Pflanzenkohle – Wiederentdeckung von altem Wissen

Schon die sehr fruchtbaren Schwarzerde-Böden der indigenen Völker im Amazonas-Gebiet waren mit Pflanzenkohle angereichert, erklärte Tobias von Rotz. Und schon vor Jahrhunderten wurde die medizinische Wirkung erkannt und solche Kohle an Rinder verfüttert, von den Köhlern im Napfgebiet die Siebreste auch an Schweine. Die hochporöse Struktur und grosse Oberfläche (bis 300 m2 pro Gramm) dieses stabilen Kohlenstoffes ermögliche die hohe Aufnahmefähigkeit für Wasser und Nährstoffe. Zu achten sei aber unbedingt auf die Qualität mit dem Zertifikat EBC-Agro Bio. Pflanzenkohle sei wie ein Schwamm, soll aber nie ungeladen oder nicht aktiviert auf den Boden gegeben werden.

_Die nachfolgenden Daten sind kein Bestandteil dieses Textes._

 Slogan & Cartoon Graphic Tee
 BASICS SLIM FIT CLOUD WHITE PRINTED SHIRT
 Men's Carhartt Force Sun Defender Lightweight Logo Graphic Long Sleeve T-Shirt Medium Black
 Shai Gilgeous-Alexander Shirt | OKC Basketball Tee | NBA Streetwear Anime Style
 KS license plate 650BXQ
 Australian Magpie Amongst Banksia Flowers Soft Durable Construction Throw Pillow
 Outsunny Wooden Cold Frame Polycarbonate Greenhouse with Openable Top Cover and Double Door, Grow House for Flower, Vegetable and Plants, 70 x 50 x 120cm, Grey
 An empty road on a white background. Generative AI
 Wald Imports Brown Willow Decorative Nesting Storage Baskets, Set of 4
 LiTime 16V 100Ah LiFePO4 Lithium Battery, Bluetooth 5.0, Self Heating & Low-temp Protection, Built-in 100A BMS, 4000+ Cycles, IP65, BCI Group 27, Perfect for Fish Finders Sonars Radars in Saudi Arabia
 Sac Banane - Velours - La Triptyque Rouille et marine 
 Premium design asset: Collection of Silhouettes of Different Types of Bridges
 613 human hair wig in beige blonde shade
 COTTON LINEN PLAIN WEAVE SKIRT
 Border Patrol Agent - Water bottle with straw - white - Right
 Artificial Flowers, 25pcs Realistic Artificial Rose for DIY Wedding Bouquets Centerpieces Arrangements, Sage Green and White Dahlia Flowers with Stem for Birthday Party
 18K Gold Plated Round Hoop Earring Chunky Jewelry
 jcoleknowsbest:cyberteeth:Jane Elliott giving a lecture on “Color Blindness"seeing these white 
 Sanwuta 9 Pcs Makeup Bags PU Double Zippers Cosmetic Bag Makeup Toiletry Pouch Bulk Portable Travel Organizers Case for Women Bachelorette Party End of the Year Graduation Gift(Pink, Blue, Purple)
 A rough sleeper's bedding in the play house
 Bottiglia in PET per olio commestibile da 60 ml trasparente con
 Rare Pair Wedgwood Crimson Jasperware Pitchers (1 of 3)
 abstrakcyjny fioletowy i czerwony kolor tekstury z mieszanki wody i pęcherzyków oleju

Das erfolge mit Nährstoffen wie Gülle, Mist oder effektiven Mikroorganismen (EM). Die Einsatzmöglichkeiten seien vielfältig und Pflanzenkohle sei mehrfach nutzbar. Als Einzelfuttermittel oder Silagezusatz, als Stalleinstreu, zur Behandlung von Gülle, Mist oder Küchenabfällen, als Zuschlagstoff in der Kompostierung, als Pflanzenkohledünger und als Bodenverbesserer für den Humusaufbau. Als Futterzusatz empfahl er 0,4 bis 0,8 % der Trockensubstanz. Das beuge Durchfall vor, verbessere die Futterverwertung, absorbiere Giftstoffe, entlaste Leber und Niere und verbessere das Stallklima.

Frappant war dazu die Demonstration von einem Gefäss mit unbehandelter und mit Pflanzenkohle behandelter Schweinegülle, welche die Landfrauen einem Geruchstest unterziehen konnten. Von Rotz empfiehlt rund ein Volumenprozent Pflanzenkohle in frische Gülle zu geben, weil die Wirkung in alter Gülle weniger gut sei. Damit könnten Ammoniak-Verluste reduziert und die Nährstoffeffizienz verbessert werden. Eine gute Wirkung erfuhr von Rotz im eigenen Garten, bei der Zugabe von Pflanzenkohlekompost in Baumgruben, mit vitaleren und ertragreicheren Fruchtbäumen. Den Landfrauen vermittelte er auch Tipps zum Befüllen von Hochbeeten mit solch angereichertem Kompost und grundsätzlich zum Einsatz im Garten.